[Web page caption snippets]

*-*-*

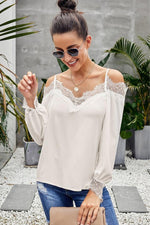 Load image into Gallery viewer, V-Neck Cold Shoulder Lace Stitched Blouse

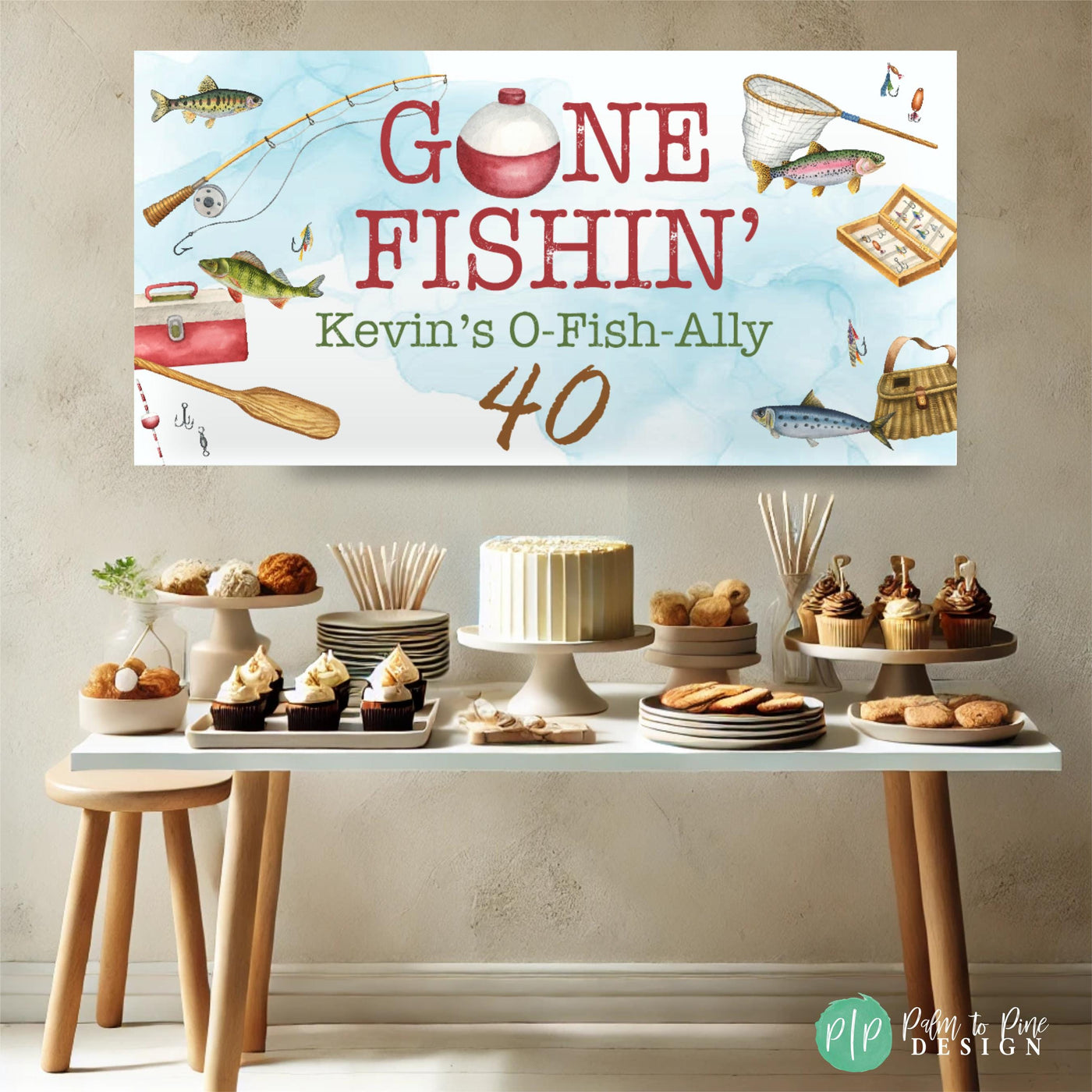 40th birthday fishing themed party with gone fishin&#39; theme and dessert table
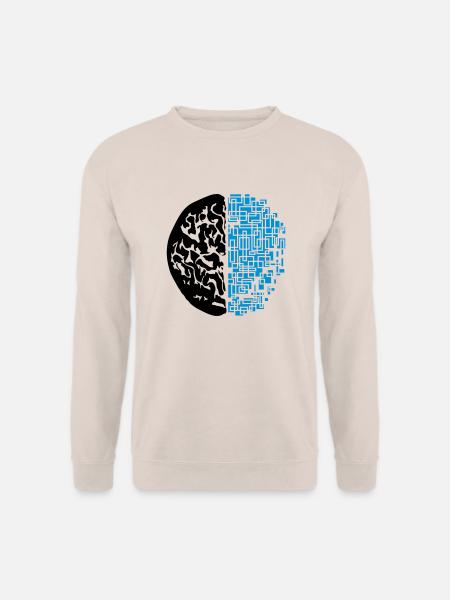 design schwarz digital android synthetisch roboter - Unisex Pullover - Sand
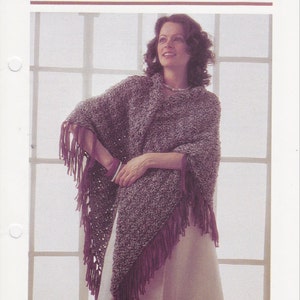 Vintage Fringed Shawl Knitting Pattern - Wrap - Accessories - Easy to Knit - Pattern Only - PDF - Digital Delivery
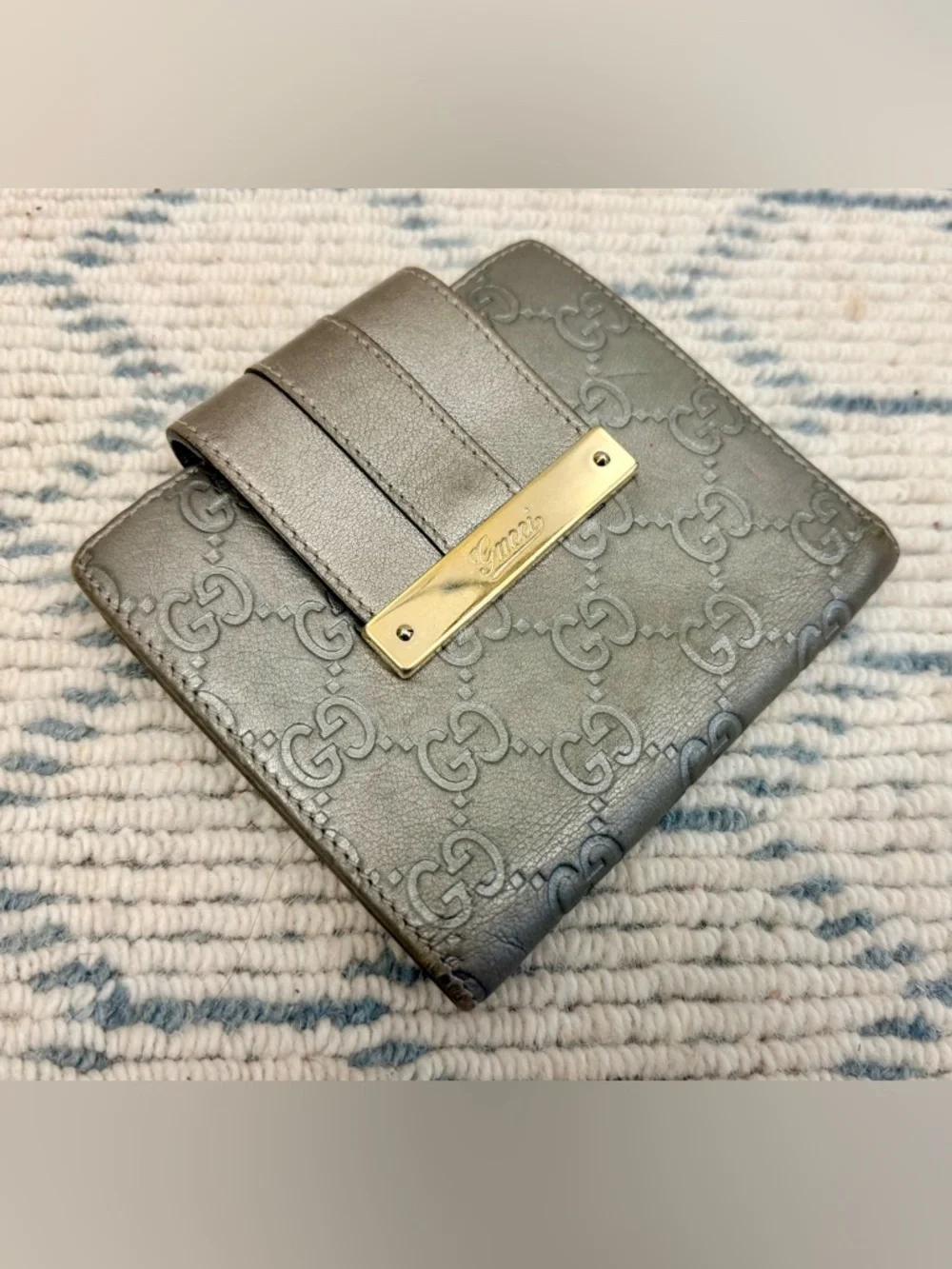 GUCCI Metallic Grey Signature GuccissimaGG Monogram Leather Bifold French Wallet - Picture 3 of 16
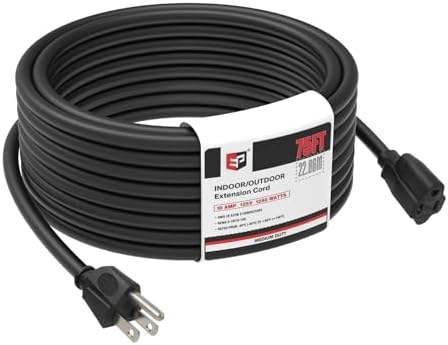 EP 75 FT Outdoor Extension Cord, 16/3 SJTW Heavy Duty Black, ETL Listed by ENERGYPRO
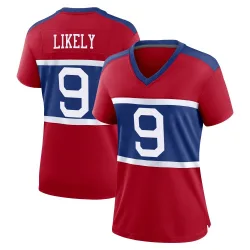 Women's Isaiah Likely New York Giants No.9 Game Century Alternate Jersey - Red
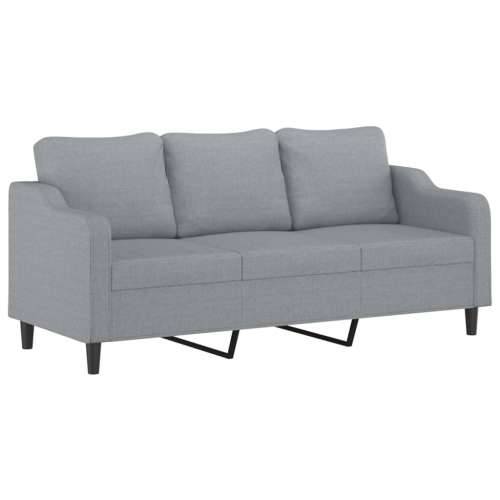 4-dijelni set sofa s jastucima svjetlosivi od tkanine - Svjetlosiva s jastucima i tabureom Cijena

*-*-*

- _INSTRUCTIONS TO FOLLOW_:
In the copy, include exactly the lines from the one with "design schwarz digital" through the final line of the entries above, both ends counted, and no pictures.

- _EXPECTED ANSWER_:
 design schwarz digital android synthetisch roboter - Unisex Pullover - Sand
 Vintage Fringed Shawl Knitting Pattern - Wrap - Accessories - Easy to Knit - Pattern Only - PDF - Digital Delivery
 GUCCI Metallic Grey Signature GuccissimaGG Monogram Leather Bifold French Wallet - Picture 3 of 16
 EP 75 FT Outdoor Extension Cord, 16/3 SJTW Heavy Duty Black, ETL Listed by ENERGYPRO
 Women's Isaiah Likely New York Giants No.9 Game Century Alternate Jersey - Red
 4-dijelni set sofa s jastucima svjetlosivi od tkanine - Svjetlosiva s jastucima i tabureom Cijena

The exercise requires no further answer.